September 29, 2005
Mr. Earle had indicted three other DeLay associates in the same case in September 2004, just six weeks before the last election. Followers of the case have speculated that, as he saw his legal bills mount, one of those three may have decided to testify against Mr. DeLay.Some legal minds on the Right - including "the Great One" Mark Levin - have observed that this particular indictment doesn't list any specific charges against DeLay, but rather includes him on a guilt-by-association basis with no rationale as to why. Expect that the strength (or lack thereof) of this case will be scrutinized by the Pajamahadeen.The Majority Leader also deserves the presumption of innocence because of Mr. Earle's guilty past. A liberal Democrat, he has a history of indicting political enemies, Democrat and Republican, on flimsy evidence that didn't hold up in court. In the mid-1980s, he indicted Attorney General Jim Mattox, a rival of his ally Ann Richards, on bribery charges. Mr.
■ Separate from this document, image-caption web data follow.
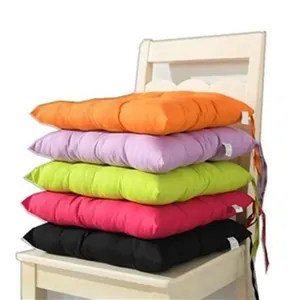 Vibrant stack of solid color brushed fabric chair cushions for office and dining use.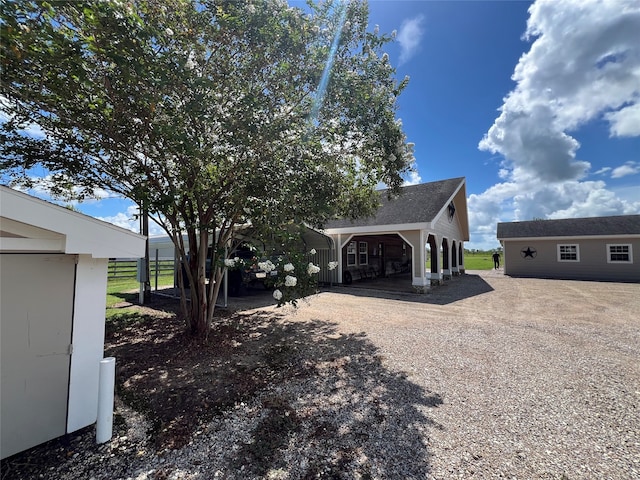 exterior space with an outbuilding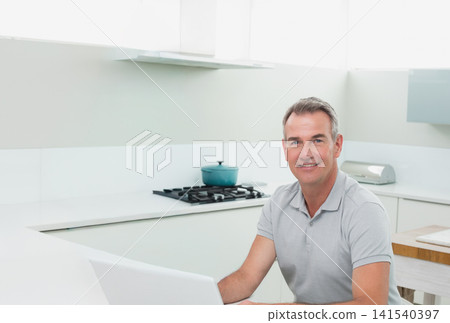 Mature man sitting at kitchen peninsula using laptop beside teal Dutch oven and toaster, copy space Mature man sitting at kitchen peninsula using laptop beside teal Dutch oven and toaster, copy space 141540397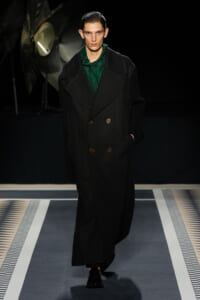Male runway model wearing a long black double-breasted coat with brown buttons and a green top, walking the catwalk.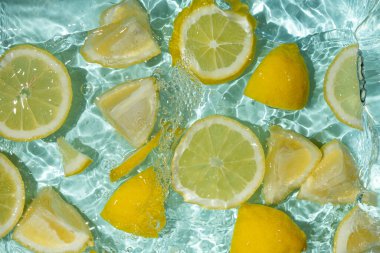 Turkuaz narenciye arkaplanı yüzen sarı limon parçalarıyla tazeleniyor.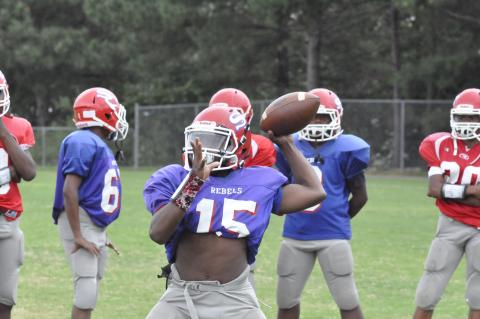 Rebel quarterback Javin Gordon loads up to fire a pass. The seventh grader is expected to operate the Rebel offense this season.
Mattox was acquitted and won re-election.
In 1993, he indicted Kay Bailey Hutchison, who'd just been elected to the U.S. Senate, on charges of misconduct and records tampering. Mr. Earle was forced to drop the case even before it went to trial. Earlier this year, the prosecutor delivered a widely criticized speech at a Democratic fund-raiser in which he compared his prosecutorial targets to "Mussolini and his fascists" and all but declared that he had Mr. DeLay in his sights.